Information provided -
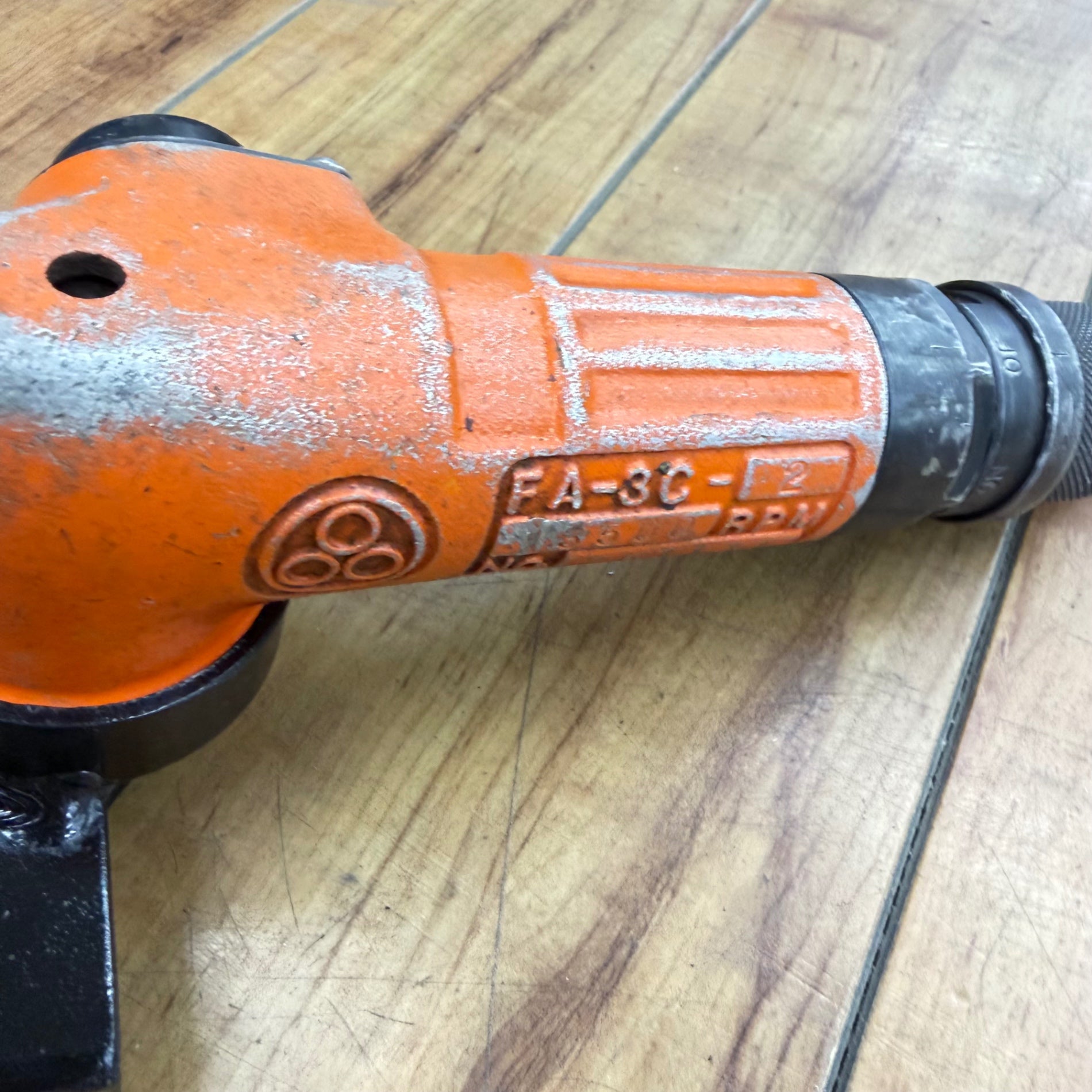 100mm エアーグラインダー FA-3C 【蓮田店】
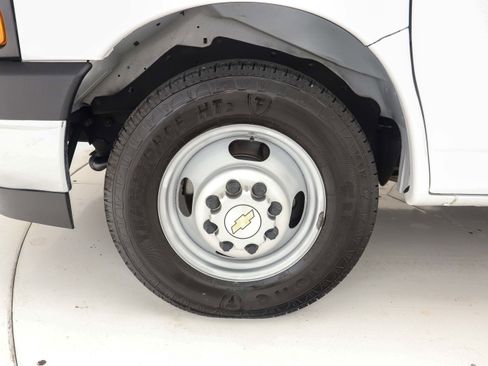 Used 2020 Chevrolet Express 3500 w/ Power Convenience Package image 27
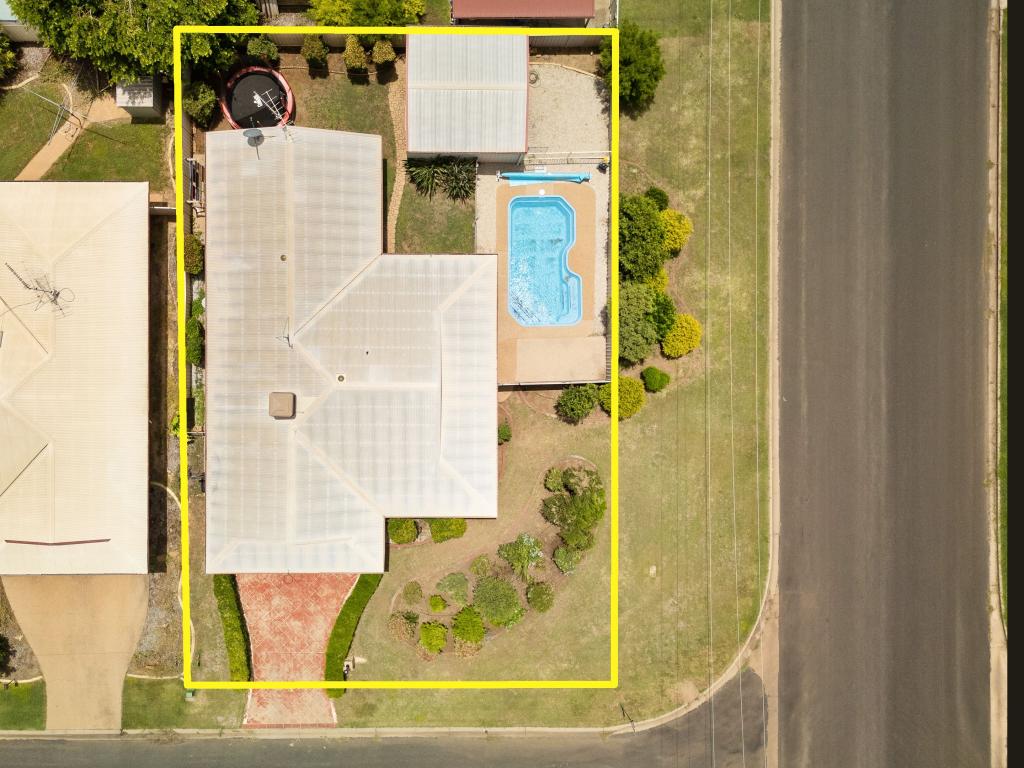 9 Kurrajong Cl, Emerald, QLD 4720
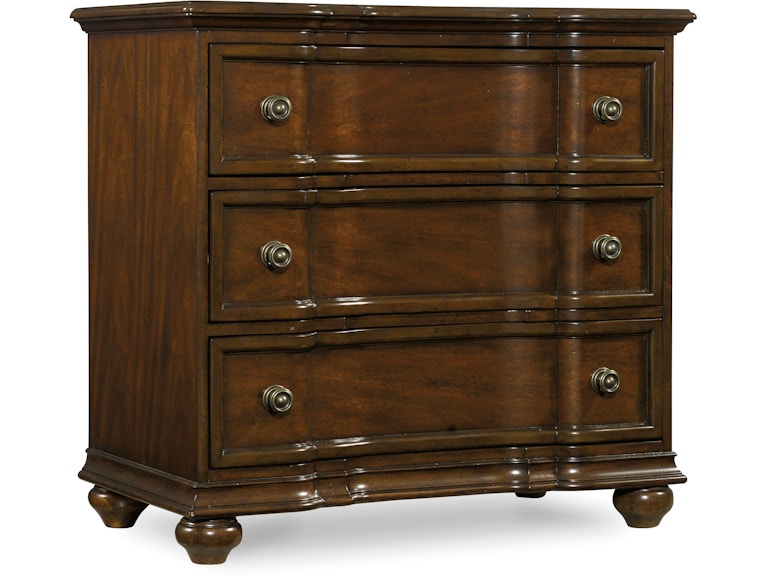Hooker Furniture Bedroom Leesburg Bachelor's Chest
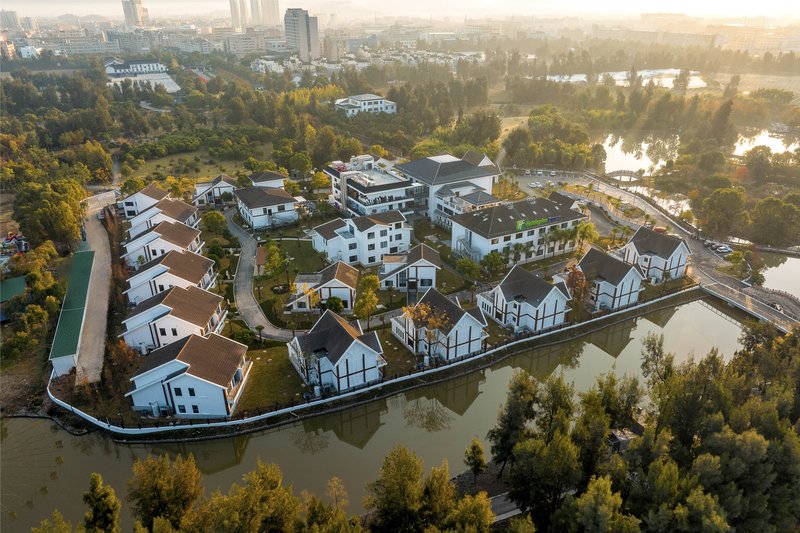Holiday Inn Express Yuhuan Wetland Park 40/42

What is required -
The copy runs from the line containing "Hooker Furniture Bedroom" through the last line of the material, both ends included. Reproduce those lines exactly and drop the pictures.

Problem solution -
Hooker Furniture Bedroom Leesburg Bachelor's Chest
Holiday Inn Express Yuhuan Wetland Park 40/42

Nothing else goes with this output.